More with less
Se le archistar costruiscono il meno con il più, nel senso che le loro opere si caratterizzano per un surplus di forma e di mezzi tecnici a disposizione, l’imperativo oggi è, al contrario, di realizzare il più con il meno: more with less. L’affondo di Luigi Prestinenza Puglisi.
Lo slogan more with less, è facile notare, è l’ennesima versione del celeberrimo less is more attribuito a Mies van der Rohe. Una, aggiungerei, delle sue innumerevoli varianti: less is a bore secondo Robert Venturi; less is less if it is not more per Frank L. Wright; less is more? I am a whore per Philip Johnson. Arrivato per ultimo, sta godendo di una certa fortuna. Perché sintetizza il crescente bisogno di fare di necessità virtù e l’ambizione di chi crede in un mondo senza sprechi, ma non per questo povero di fantasia, inventiva e creatività che sostituisca quello cinico e sciupone responsabile della più grave crisi economica dai tempi del crack del 1929.

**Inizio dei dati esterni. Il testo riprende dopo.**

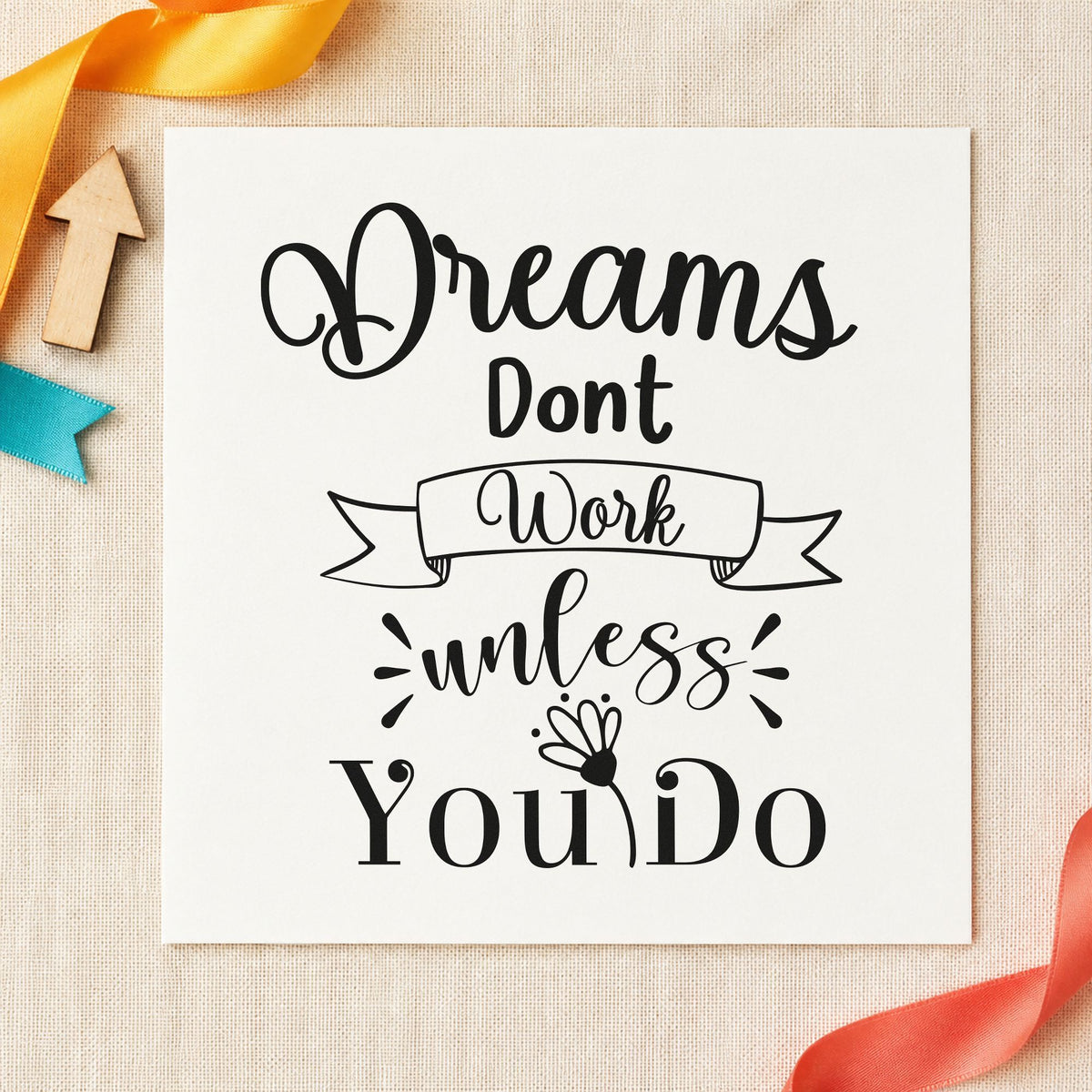 Dreams Don't Work Unless You Do rubber stamp printed in black ink, ready for flower banner cards and similar paper crafts.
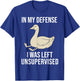 Funny in My Defense I was Left Unsupervised Goose T-Shirt - T-Shirt | Royal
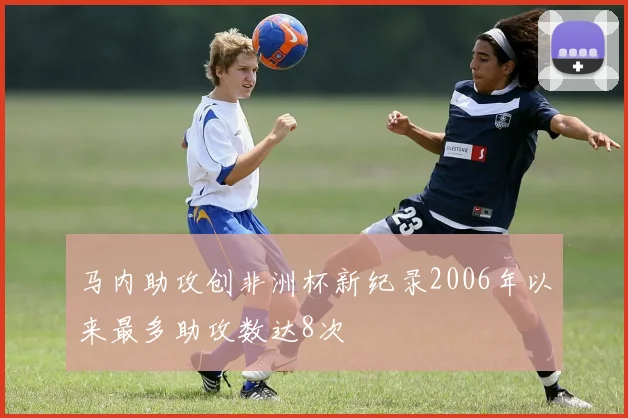 马内助攻创非洲杯新纪录2006年以来最多助攻数达8次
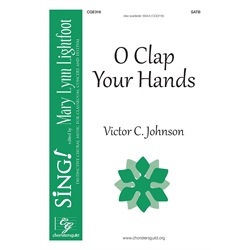 O Clap Your Hands - SATB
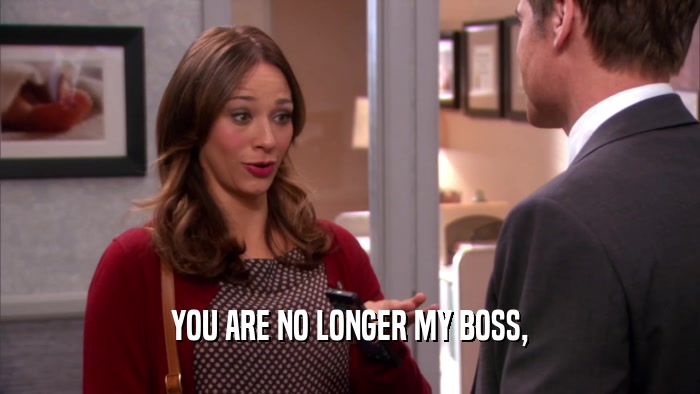 YOU ARE NO LONGER MY BOSS,  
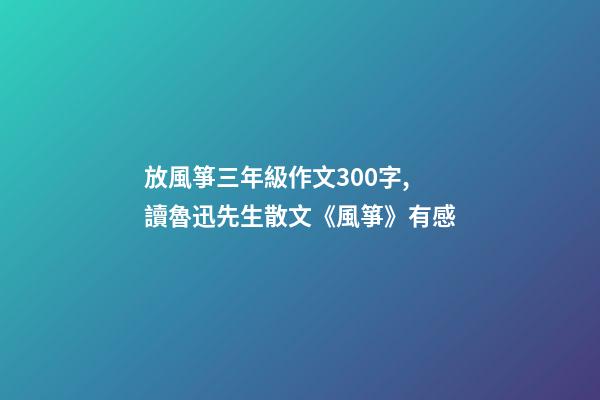 放風箏三年級作文300字,讀魯迅先生散文《風箏》有感-第1張-觀點-玄機派
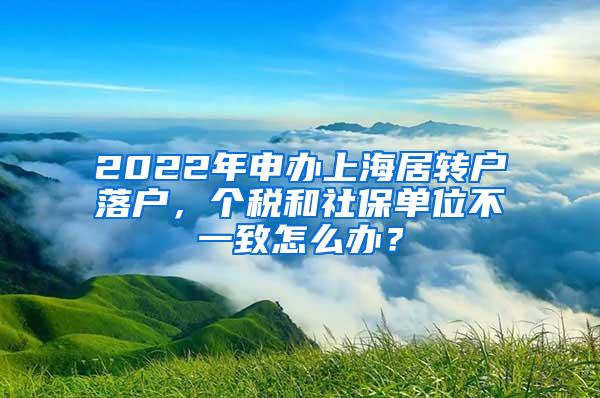 2022年申办上海居转户落户，个税和社保单位不一致怎么办？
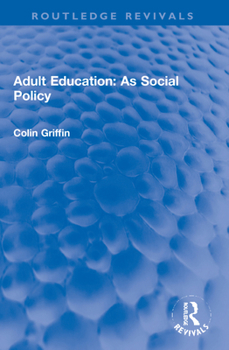 Paperback Adult Education: As Social Policy Book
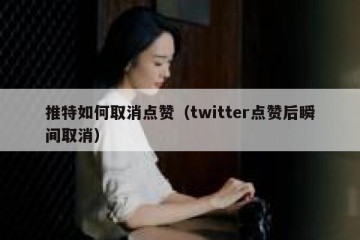 推特如何取消点赞（twitter点赞后瞬间取消）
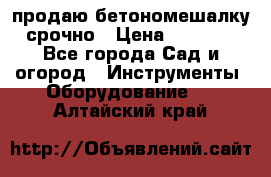 продаю бетономешалку  срочно › Цена ­ 40 000 - Все города Сад и огород » Инструменты. Оборудование   . Алтайский край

A cogliere la palla al balzo, con il tempismo che lo caratterizza, è stato l’ex assessore e architetto Stefano Boeri, il quale ha trasformato lo slogan nel titolo di un suo recente Fare di più con meno. Idee per riprogettare l’Italia, un libro intervista scritto con Ivan Berni, edito da Il Saggiatore. Ma chi sta lavorando da progettista su questo tema è Mario Cucinella. Al quale, almeno in Italia, andrebbe il copyright, avendolo utilizzato da quando l’attenzione per l’ambiente, almeno tra i costruttori di edifici, non era uno fra i temi più alla moda.
A mostrare che non si tratta solo di uno slogan, Cucinella ha avanzato numerose proposte: la sua più famosa è una casa sostenibile, anche psicologicamente, nel senso che non si tratta della solita prigione disegnata in base all’aberrante logica dell’existenz minimum, dal costo di 100mila euro. Ma la più intelligente è una scuola che ha recentemente progettato a Gaza per conto dell’Unrwa, l’organizzazione delle Nazioni Unite per il soccorso e l’occupazione dei profughi palestinesi, con il sostegno della Banca Islamica e il fondo del Kuwait per lo sviluppo. In Palestina non è pensabile impiegare tecnologie complesse, per i costi di installazione e, soprattutto, per le difficoltà di manutenzione. Occorre ricorrere a sistemi semplici, efficienti, puntando sul software dell’intelligenza progettuale piuttosto che sull’hardware edilizio: da qui pilastri di circa due metri di diametro in cemento riempiti con terra di riporto per accrescere la massa termica; la scelta di coperture aggettanti per la protezione dai raggi del sole; un manto di copertura ventilato; la vegetazione per mitigare la temperatura esterna. E pannelli solari e celle fotovoltaiche.
Nulla di particolarmente nuovo, si dirà. La novità è un’altra: la scuola, oltre a essere semplice da mantenere, è pure bella da guardare. Nel più di Cucinella c’è, infatti, il surplus dell’invenzione estetica.